The Lost Town of Dranesville
Dranesville Elementary School, and the Dranesville Magisterial District, take their names from one of the five lost towns of Fairfax County. All but erased by the passage of time, the lost towns include Colchester, Dranesville, Matildaville, Union Mills, and Wiehle. These once vibrant communities of homes and businesses played an important role in the history of Fairfax County.
The Founding of the Town
In 1810, Washington Drane moved to what is today the intersection of Georgetown Pike and Leesburg Pike. He opened an ordinary–a combination hotel, store, and saloon–and named it Drane’s Tavern. Ordinaries provided lodging, food, and drink for travelers, halls for local entertainment, stabling for animals, and meeting places for community members. It was a two-day trip by wagon from Leesburg to Alexandria and Georgetown. Recognizing this, Washington Drane located his ordinary at the halfway point in the journey. Soon the area around Drane’s tavern flourished. A church, a post office, a store, doctor’s offices, residences, and four more taverns opened.
From the early 1800s to the early 1900s countless people, wagons, horses, cattle, sheep, hogs, and turkeys traveled through the hamlet of Dranesville from Loudoun and the Shenandoah Valley to the eastern destinations of Georgetown and Alexandria. Many of the drovers and their livestock spent the night at Dranesville. For example, from 1815 to 1830 it was commonplace for 40 to 50 wagons pulled by four and six horse teams to daily traverse the small town.
~ Dunbarton, Dranesville, Virginia by Charles Preston Poland.
While the drovers stayed at the tavern, their animals were kept in a series of small fenced fields on the 12 acres surrounding the tavern. Herds were mixed together and separated prior to departure according to color codes painted on the animals. The facilities, plus a plentiful supply of spring water, made it possible to keep around 300 head of cattle and sheep overnight. Boys from the neighborhood could frequently earn 25 cents a day helping to drive the herds from Dranesville to Langley. They would walk and lead a horse, and would ride back home at nightfall.
~ Dunbarton, Dranesville, Virginia by Charles Preston Poland.
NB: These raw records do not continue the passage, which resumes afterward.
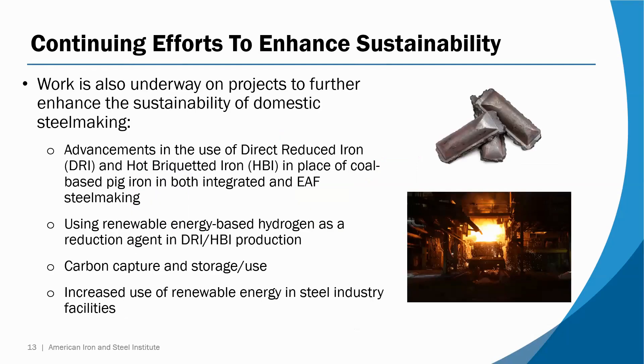The industry isn't stopping there. There is significant work underway to further reduce emissions associated with steelmaking in the U.S. One very important area is research into the use of hydrogen as a reduction agent in lieu of coal or natural gas. There's no question that hydrogen has an important future in iron making, but the biggest problem now is that it requires a lot of hydrogen that's not yet available at that scale. There's also research on capturing carbon and either storing it or reusing it beneficially.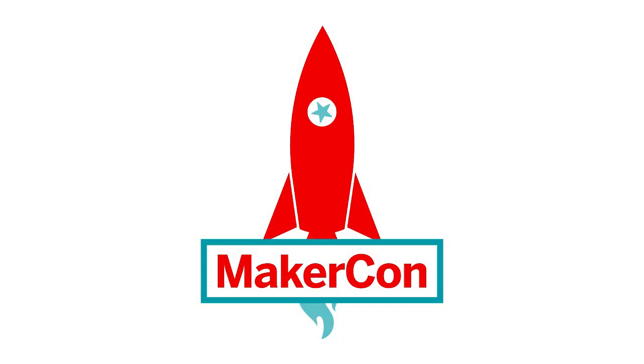Well, thanks for being here. And we'll have more videos from MakerCon all day today. Thank you all. Bye bye.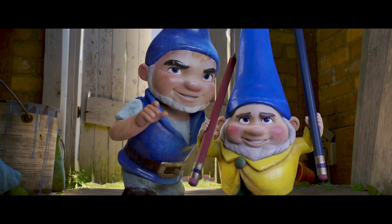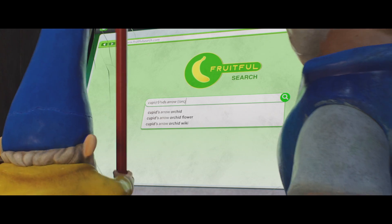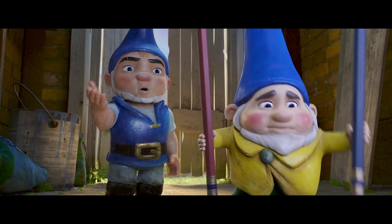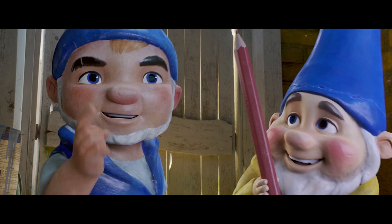Right, image search. Type in Cupid's Arrow Orchid. You just have to hit it. Just click it. Just click the thing. You don't have to type the whole set... Oh, right. Tell me when you see it. That's the one!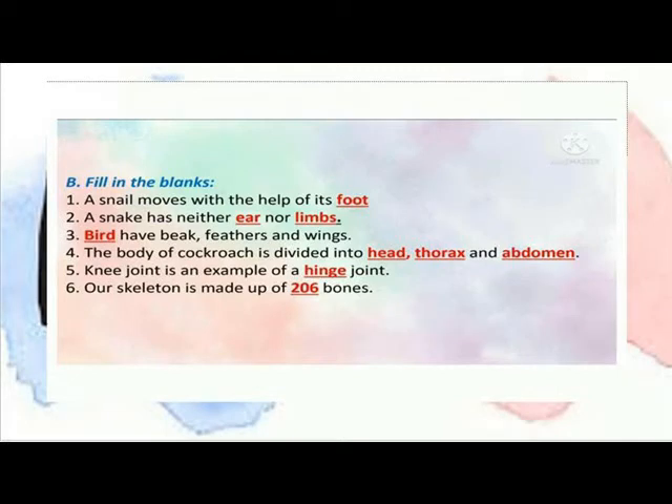The snakes have neither ears nor limbs. Birds have big feathers and limbs. The body of the cockroach is divided into head, thorax and abdomen. The hinge joint is an example of a movable joint. Our skeleton is made up of 206 bones.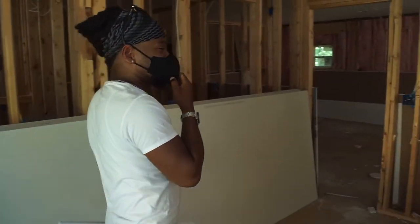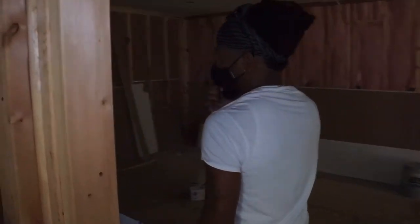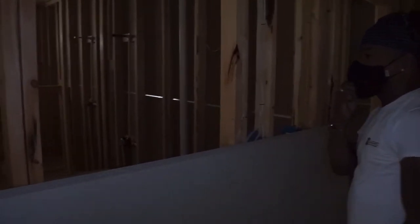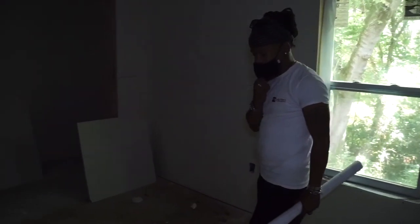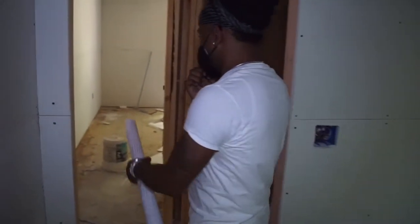Here is the other bathroom. Here is bedroom two — we're pretty much closing all the sheetrock. And this is bedroom three.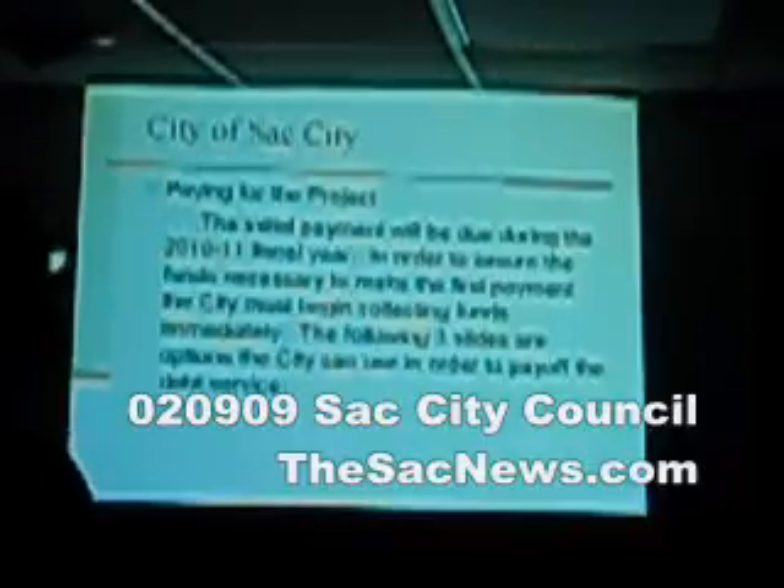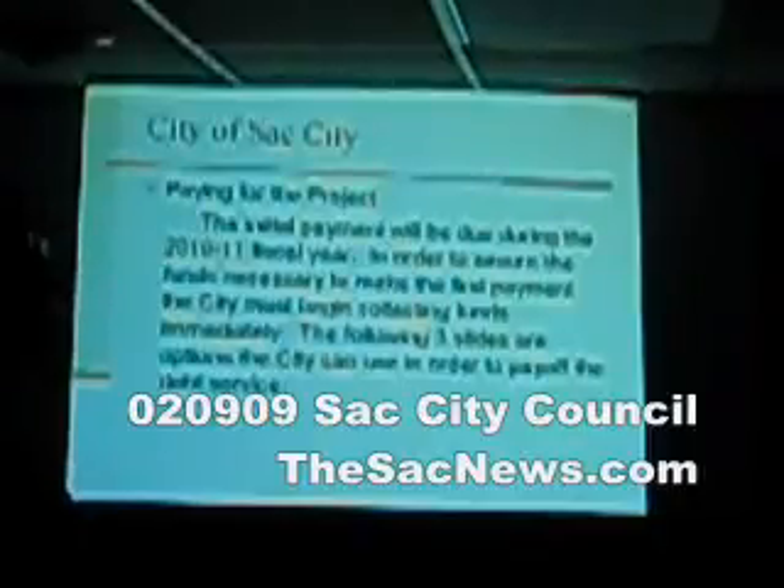Regarding payment for the plant: our first debt service payment for the loan — for the bonding — would be in fiscal year 2010-11. In order to make that first payment, we have to take steps now to have the money available. We can't wait until the plant is done to start collecting, because that first debt payment will be due and we won't have the money. Most of the time the city will be in a situation where funds are raised before the plant breaks ground, and that's a result of having to meet the first debt service payment. So we have to act immediately.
In 1840, the thriving village of Dranesville took on legal status when Virginia recognized it as a town.
The Battle of Dranesville
During the American Civil War, the town of Dranesville became a battleground when opposing forces of the Union and Confederate armies encountered one another along Leesburg Pike. On December 20, 1861, Confederate Brigadier General J.E.B. Stuart led a force of 4,000 infantry and cavalry north from their winter quarters at Centreville to obtain provisions and to try and learn the whereabouts of the Union Army. That same morning, Union General Edward O.C. Ord led 10,000 soldiers west from the village of Langley, intent on clearing out any Rebel forces that were stationed along Leesburg Pike. At the village of Colvin Run, General Ord divided his forces in half, sending 5,000 troops further up the pike and leaving the rest to protect his army from being cut off from their base at Langley. The opposing armies met at the town of Dranesville.
After a two-hour-long firefight, General Ord’s soldiers forced General Stuart and his army to retreat. The Battle of Dranesville became the first victory of the Union Army in the eastern theater of the war.
Dranesville in the 20th Century
The town of Dranesville reached its peak in the 19th century and gradually declined throughout the 20th century.
The creation of the railroad from Alexandria to Leesburg in the 1850s, followed by the invention of the automobile several decades later, slowly faded Dranesville’s importance. The widening of Leesburg Pike in the late 1960s led to the demolition of many of the older buildings in the town.